Last week, tens of thousands of high school seniors across the country got bad news. Acceptance rates at selective colleges hit record lows, down to a minuscule 4.7% at Stanford and 5.2% at Harvard from an already stingy 10.9% and 10.5% ten years ago. The same trend was true at Brown, Penn, Duke and just about every other national university.
Why is it that competition for college degrees is heating up despite the arrival of online resources that offer college-level classes nearly for free? Part of the explanation is demographics — there are more 18-year olds right now than at many other points in history. Part of it is that the economy is more competitive than ever, and a college education is seen as more and more necessary to prepare.
But perhaps the biggest driver is that young people want more from an education than just to learn; they crave an identity and community, and this desire holds more strongly than ever and drives interest in certain institutions.
What do I mean? I ran Manhattan GMAT, the country’s largest GMAT prep company by enrollment, for five years. Here were the top reasons that students told me they wanted to attend business school:
1. Credentialing: They wanted to get a degree that would mark them as smart and qualified for the rest of their career and set them up for good opportunities.
2. Network: They wanted to become friends and colleagues with smart, ambitious people that would look out for them for years to come.
3. Social/personal: They wanted to socialize, party and meet an appropriate mate (Yes, I heard this all the time).
4. Confidence: They didn’t feel confident in their career direction and wanted to become a manager or professional.
5. Coursework: They wanted to learn finance, basic accounting, marketing and the like.
The big point is this — what they learned in class was not the primary draw. Many applicants had spent years at a bank or consulting firm or had studied business as an undergrad and saw the coursework as mostly review. Yet they were willing to spend $100k+ and two years of missed wages for what they felt was mostly credentialing, networking and socialization.
We see it here at Venture for America too. Over 1,300 college grads applied for 180 spots this year to work at startups in Detroit, Baltimore, St. Louis and other cities. The main draw, if you ask them, is “the network of other smart, enterprising people.”

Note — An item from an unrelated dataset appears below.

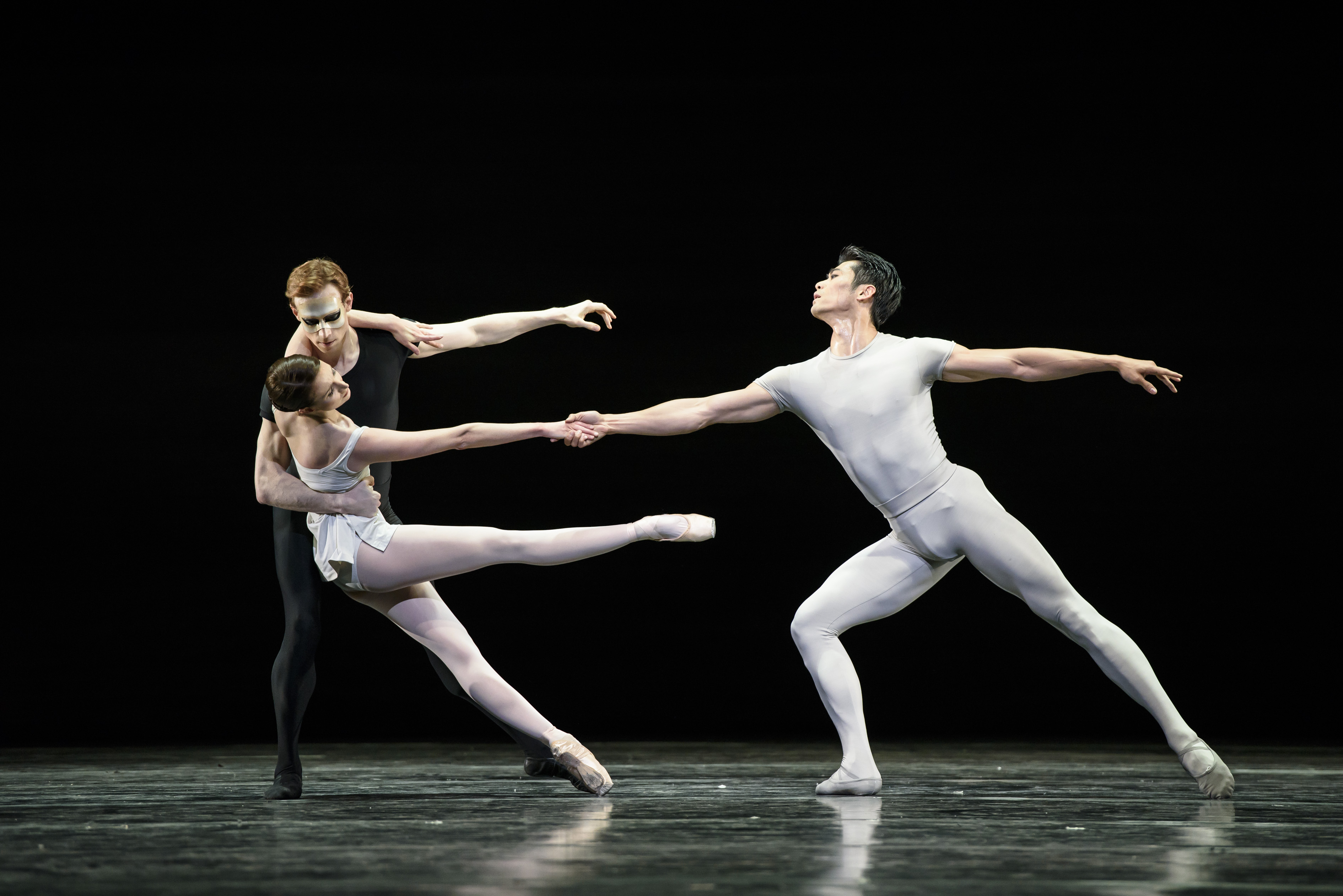 Three ballet dancers perform together on stage: two are embracing while the other dancer stretches outwards and holds onto one of the dancers outstretched hand. (2 of 6)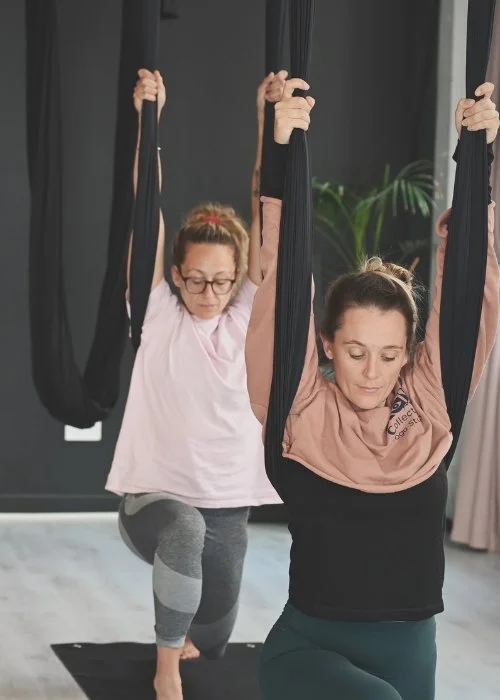 Aerial yoga beginners class at the Kali Collective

The same motivations apply at the college level. Most parents and students have little idea who individual professors are or how departments stack up before applying. They’ll visit schools to see what they think. They might look at a few third party rankings. But they’re primarily seeking for their son or daughter or themselves the credentialing, network, socialization, identity formation and job prospects that come with a particular school. What is learned is less central — learning is simply presumed to happen above a certain baseline and come packaged with the degree.
You can literally take a Stanford or MIT computer science course online right now nearly for free. But applications are up at these schools, not down.
Top educational institutions today don’t confer lessons. They confer a brand, a network, a credential, friends, a personal life, a residential experience, a set of opportunities and a sense of self. In short, an identity. This is the main reason why the Internet isn’t displacing traditional education and, in the face of increasing pressures, people are applying to selective colleges more than ever.
This isn’t to say that there won’t be changes upcoming. Marginal schools will struggle in the coming years due to increased costs and competitive pressures. And entrepreneurs will find ways to supplement learning with the non-classroom benefits that students and parents are seeking.
Perhaps the most prominent example of the latter is the Minerva Project, a startup university now entering its third year. At Minerva, students take classes online.* But they do so while living together in dorm-style housing. They spend up to one year each in different dorms in San Francisco, Buenos Aires, London, Seoul and Istanbul. Minerva is selective — the acceptance rate for the latest class was only 1.9%. Students socialize and build connections because they live and travel together. Minerva delivers learning yes, but it also delivers the credential, network, socialization and identity that students crave. And it does this at $28k a year, a little more than half of what similarly selective universities charge.**
Minerva is a signal of the future of college education. College as an institution is safe. What students and parents want is constant. But it’s going to be the combination of old and new institutions that successfully compete to deliver credentialing, networks, socialization — and learning — in innovative ways that will thrive.